◆ Try it ◆
Beginning with the first line of the data below, set down each line exactly through the line that contains "Personas&nbsp;hacen fila&nbsp;en un".

Dataset entries
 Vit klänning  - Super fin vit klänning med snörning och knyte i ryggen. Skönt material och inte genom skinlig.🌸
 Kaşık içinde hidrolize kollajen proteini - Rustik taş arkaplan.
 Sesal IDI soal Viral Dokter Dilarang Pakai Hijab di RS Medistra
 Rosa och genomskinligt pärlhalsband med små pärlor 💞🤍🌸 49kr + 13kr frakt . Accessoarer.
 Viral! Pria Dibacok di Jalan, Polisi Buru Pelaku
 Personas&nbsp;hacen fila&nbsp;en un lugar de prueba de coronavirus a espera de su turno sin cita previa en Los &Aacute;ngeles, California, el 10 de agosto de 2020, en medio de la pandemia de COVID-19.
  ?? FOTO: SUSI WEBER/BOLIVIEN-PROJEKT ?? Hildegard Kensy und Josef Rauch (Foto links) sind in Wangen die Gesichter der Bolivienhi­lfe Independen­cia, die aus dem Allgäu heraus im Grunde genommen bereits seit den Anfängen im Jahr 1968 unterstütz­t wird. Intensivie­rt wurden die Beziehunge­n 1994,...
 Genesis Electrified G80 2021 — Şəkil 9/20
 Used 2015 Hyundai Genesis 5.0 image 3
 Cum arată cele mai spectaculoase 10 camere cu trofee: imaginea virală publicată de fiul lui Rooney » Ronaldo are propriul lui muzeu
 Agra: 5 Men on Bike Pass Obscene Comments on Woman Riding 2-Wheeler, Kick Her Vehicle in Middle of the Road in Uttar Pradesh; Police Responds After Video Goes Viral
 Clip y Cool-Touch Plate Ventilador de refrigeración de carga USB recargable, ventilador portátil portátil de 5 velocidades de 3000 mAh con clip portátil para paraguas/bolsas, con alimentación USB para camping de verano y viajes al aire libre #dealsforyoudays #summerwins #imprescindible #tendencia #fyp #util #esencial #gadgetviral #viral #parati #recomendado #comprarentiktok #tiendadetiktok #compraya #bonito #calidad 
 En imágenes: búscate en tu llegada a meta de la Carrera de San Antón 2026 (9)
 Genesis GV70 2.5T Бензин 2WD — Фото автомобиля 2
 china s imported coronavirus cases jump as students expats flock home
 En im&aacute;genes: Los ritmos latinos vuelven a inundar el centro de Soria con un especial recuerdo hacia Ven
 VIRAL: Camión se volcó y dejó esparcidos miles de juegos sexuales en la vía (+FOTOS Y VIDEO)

◆ Answer box ◆
 Vit klänning  - Super fin vit klänning med snörning och knyte i ryggen. Skönt material och inte genom skinlig.🌸
 Kaşık içinde hidrolize kollajen proteini - Rustik taş arkaplan.
 Sesal IDI soal Viral Dokter Dilarang Pakai Hijab di RS Medistra
 Rosa och genomskinligt pärlhalsband med små pärlor 💞🤍🌸 49kr + 13kr frakt . Accessoarer.
 Viral! Pria Dibacok di Jalan, Polisi Buru Pelaku
 Personas&nbsp;hacen fila&nbsp;en un lugar de prueba de coronavirus a espera de su turno sin cita previa en Los &Aacute;ngeles, California, el 10 de agosto de 2020, en medio de la pandemia de COVID-19.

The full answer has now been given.